Barnard et. al., [Barnard et. al., 1996] list the following types of sophisticated associations as being available through the TEI DTD using the mechanisms described above:

"A correspondence can be established between one span of content and another. For example, there might be a correspondence between a fragment of a document, and someone’s comments on that fragment.

An alignment shows how two documents (or fragments) are related. For example, there could be an alignment between a document in one language and another document that is the translation into a second language. An alignment can be specified outside the two documents (or fragments) that are aligned.

A synchronization is a relationship that represents temporal rather than textual correspondence. For example, it is often necessary to synchronize overlapping text segments in a representation of speech where several speakers can be talking at the same time, or at least in overlapping speeches.

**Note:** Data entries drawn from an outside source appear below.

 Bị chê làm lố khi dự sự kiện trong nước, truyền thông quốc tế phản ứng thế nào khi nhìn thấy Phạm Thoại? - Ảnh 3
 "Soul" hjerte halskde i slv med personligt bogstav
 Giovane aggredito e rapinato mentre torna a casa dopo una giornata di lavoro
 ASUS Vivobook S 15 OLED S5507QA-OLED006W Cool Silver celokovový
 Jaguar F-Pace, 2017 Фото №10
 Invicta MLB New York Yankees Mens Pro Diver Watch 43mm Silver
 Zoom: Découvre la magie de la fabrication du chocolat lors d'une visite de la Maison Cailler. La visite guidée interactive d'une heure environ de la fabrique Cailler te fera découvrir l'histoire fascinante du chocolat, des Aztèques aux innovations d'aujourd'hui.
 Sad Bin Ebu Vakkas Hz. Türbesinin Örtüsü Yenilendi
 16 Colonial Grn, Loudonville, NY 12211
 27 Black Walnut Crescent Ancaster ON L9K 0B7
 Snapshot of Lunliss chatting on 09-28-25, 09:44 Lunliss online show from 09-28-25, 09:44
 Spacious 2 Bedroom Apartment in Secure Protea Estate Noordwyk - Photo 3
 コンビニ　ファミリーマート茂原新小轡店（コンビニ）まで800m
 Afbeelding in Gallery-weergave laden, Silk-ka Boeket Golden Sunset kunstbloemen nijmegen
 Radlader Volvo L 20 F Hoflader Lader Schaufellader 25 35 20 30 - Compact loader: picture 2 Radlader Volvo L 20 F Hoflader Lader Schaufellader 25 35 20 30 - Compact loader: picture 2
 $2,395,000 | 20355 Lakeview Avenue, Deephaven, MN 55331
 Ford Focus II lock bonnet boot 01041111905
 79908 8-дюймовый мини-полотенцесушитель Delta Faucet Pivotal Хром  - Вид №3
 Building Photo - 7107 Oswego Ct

An aggregation is a collection of fragments into a single logical whole. For example, the set of passages in a document relating to a specific topic, such as a set of paragraphs that discuss indexing in a paper on information retrieval, would be an aggregate."

The abstraction of the detail of the association away into a third file allows the modification of the associations between the two documents without modifying the two source documents. By so doing the authenticity of the source documents can be protected and it is only when the location or names of the source documents are changed that the extended pointer elements within these documents would have to be changed. However by relying on embedded markup of any form the TEI DTD weakens the long term usefulness of the source documents as any changes made to the extended pointers required to make inter-document associations possible changes the document possibly creating a new state of the original work.

The HyTime standard has more powerful linking features [p. 386, Colby et al., 1996], but they are not supported directly by the current TEI DTD and are left for discussion in the next section as examples of truly abstracted meta-data where the associated documents require no embedded markup to facilitate the association.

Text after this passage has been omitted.